The 2 AM Nightmare: When Transactions Collide
2:15 AM. My phone is screaming on the nightstand. PagerDuty alerts are flooding in, application latency is vertical, and the database connection pool is officially tapped out. I pull up the logs and find the culprit: ERROR: deadlock detected. Whether you are running MySQL, PostgreSQL, or even MongoDB, deadlocks are the ultimate equalizer. They don’t care about your uptime; they only care about circular dependencies.
A deadlock happens when two transactions hold locks the other needs. Neither can move forward, creating a permanent stall. While modern engines break these cycles automatically, the fallout is real. Every killed transaction means a failed request, a frustrated user, and a potential spike in error rates that can trip your circuit breakers.
How Engines Fight Back: Different Playbooks
Both databases handle deadlocks, but their internal logic is surprisingly different. Understanding these mechanics helps you tune for performance rather than just survival.
PostgreSQL: The Wait-for Graph
Postgres is cautious. It doesn’t scan for deadlocks constantly because that would waste precious CPU cycles on healthy transactions. Instead, it waits for a timer—defined by deadlock_timeout (usually 1 second). Once a transaction sits idle for that full second, Postgres starts hunting. It builds a “wait-for graph” to map out who is blocking whom. If it spots a loop, it kills one transaction—typically the one that just woke up the detector—allowing the rest of the queue to clear.
MySQL (InnoDB): The Aggressive Hunter
InnoDB takes a more proactive stance. It tracks lock requests in real-time and can often kill a deadlock cycle the microsecond it forms. By default, innodb_deadlock_detect is active, and the engine is ruthless about picking a victim. It usually rolls back the transaction that has done the least amount of “work” (measured by the size of its undo logs) to minimize the cost of the rollback.
The Hidden Costs of Automatic Handling
Letting the database “fix” deadlocks for you is a risky strategy. Here is why you should minimize them rather than just relying on the engine.
The Upside
- System Survival: Without detection, a single deadlock could hang connections indefinitely. This eventually exhausts your 500+ connection pool and crashes the entire service.
- Self-Healing: The database ensures that at least one side of the conflict survives to finish its job.
The Downside
- CPU Tax: When you are pushing 5,000+ transactions per second, constant cycle-checking can consume 10-15% of your total CPU overhead.
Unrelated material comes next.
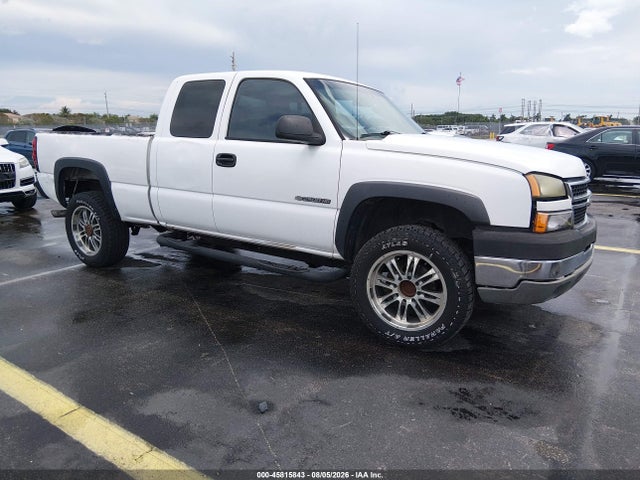 2006 Chevrolet Silverado 2500hd Work Truck მანქანა იყიდება აუქციონზე, vin: 1GCHC29U76E134771, აუქციონის ნომერი: 45815843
- User Impact: One transaction must die. If your backend doesn’t catch that specific error code, the user gets a generic 500 error and a broken checkout flow.
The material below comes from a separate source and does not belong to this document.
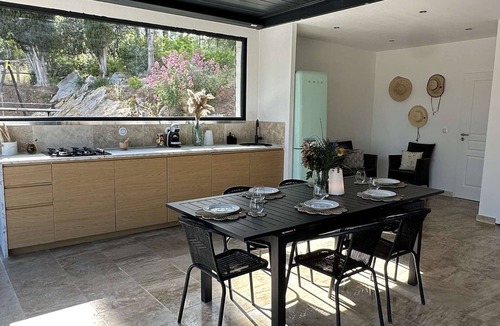 Bouc-Bel-Air House | New Housing with Pool & Garden - Ideal for Families or Friends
- The Domino Effect: Even a 1-second delay in PostgreSQL can cause requests to pile up, triggering a cascade of timeouts across your microservices.
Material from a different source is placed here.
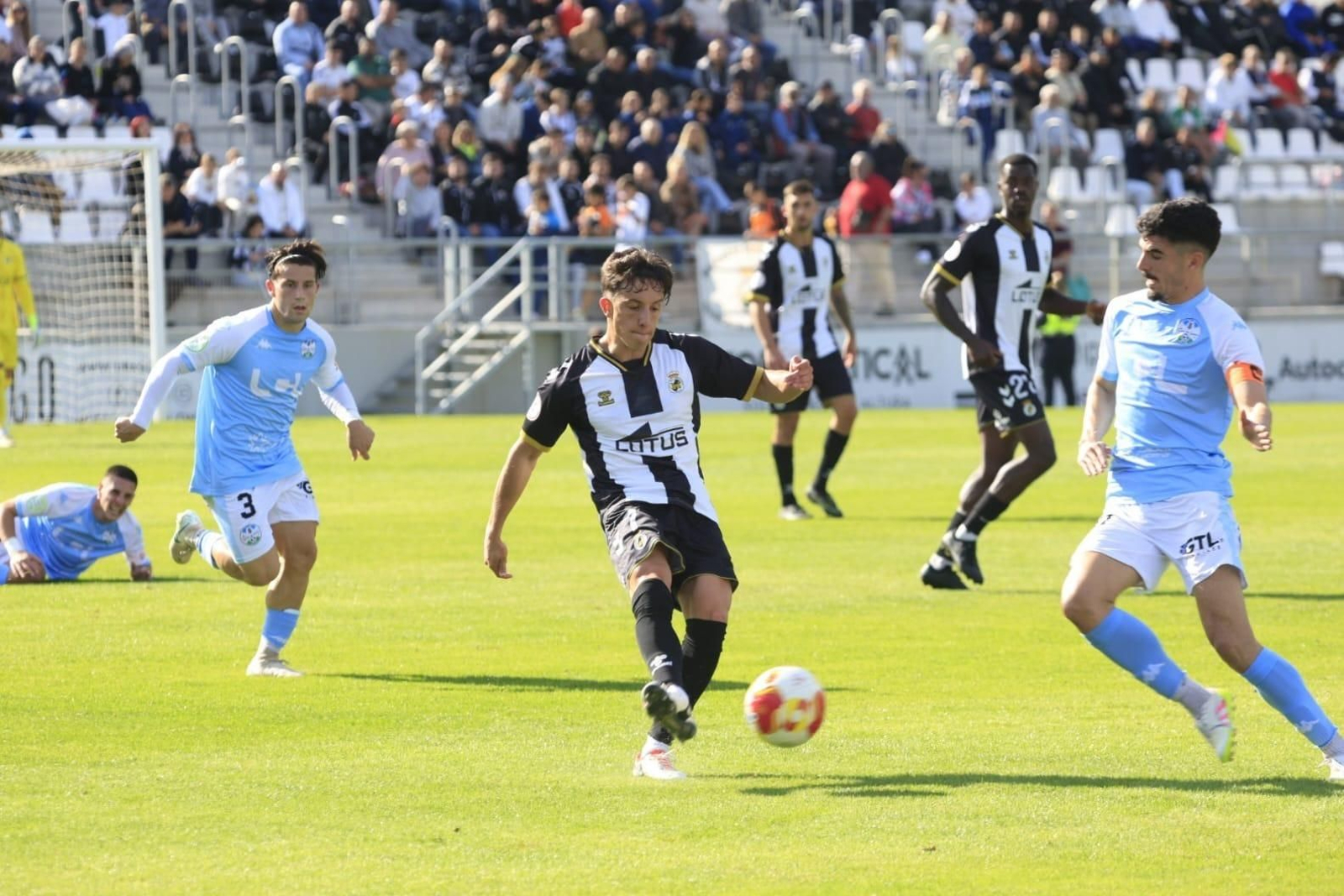 Un momento del Balona-Ciudad de Lucena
Hardening Your Production Setup
Visibility is your best weapon. You cannot optimize what you aren’t logging.
1. PostgreSQL Strategy
Keep deadlock_timeout at 1s. Dropping it to 100ms often creates more noise than signal, as many locks resolve themselves naturally in a few milliseconds. The real win comes from enabling detailed logs:
# postgresql.conf
deadlock_timeout = 1s
log_lock_waits = on
log_recovery_conflict_waits = on
2. MySQL Strategy
Ensure the detector is on, but set a strict safety net with innodb_lock_wait_timeout. The default is often 50 seconds, which is far too long for a modern web app. Aim for 5-10 seconds to kill “zombie” transactions that aren’t deadlocked but are just slow.
# my.cnf
innodb_deadlock_detect = ON
innodb_lock_wait_timeout = 10
log_error_verbosity = 3
Execution: Prevention and Resilience
A great database engineer writes code that avoids locks and code that survives them when they occur.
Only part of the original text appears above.